Information supplied below:

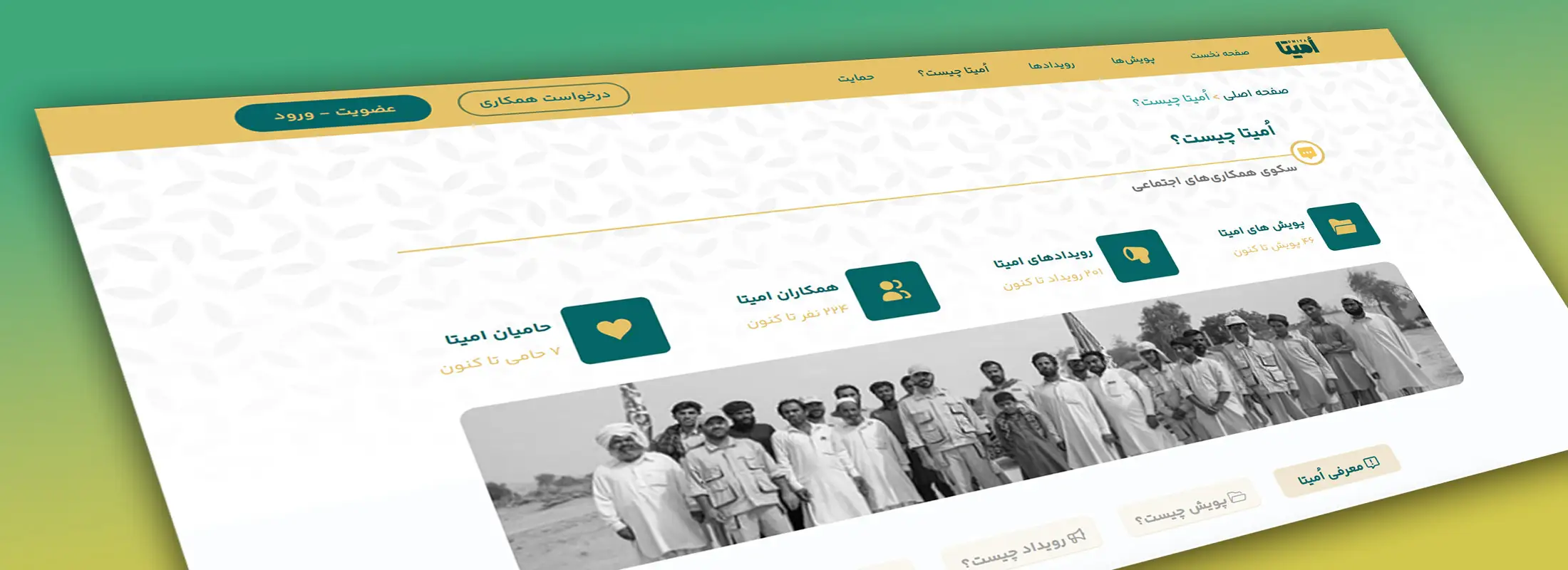 پروژه امیتا؛ جمعیت امام رضایی‌ها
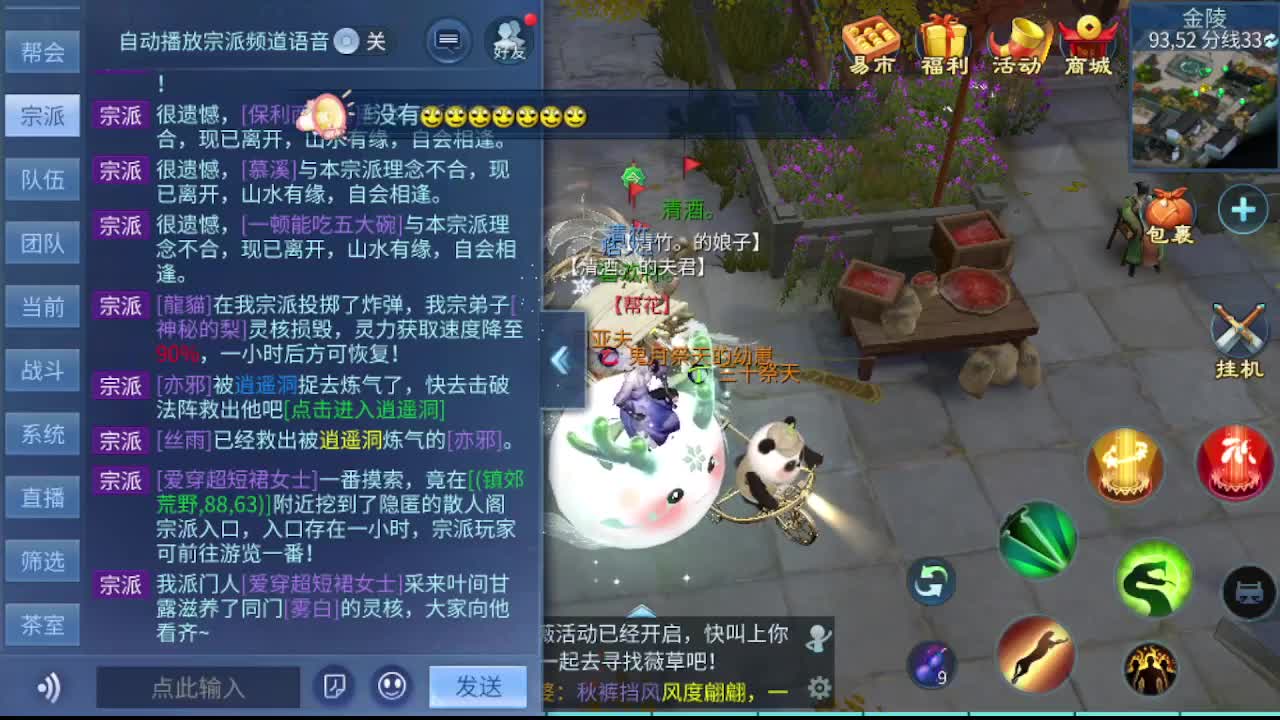 接资源-接托管（打架+升级） 第3段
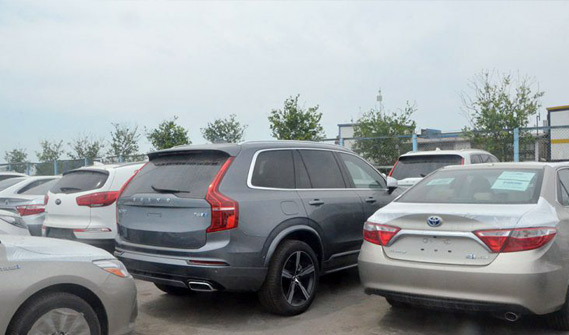 جزییات دور دوم مزایده خودروهای خارجی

End of Information supplied.

### Problem details
Please return the listing above exactly and leave every picture out.

### Output of the exercise
 پروژه امیتا؛ جمعیت امام رضایی‌ها
 接资源-接托管（打架+升级） 第3段
 جزییات دور دوم مزایده خودروهای خارجی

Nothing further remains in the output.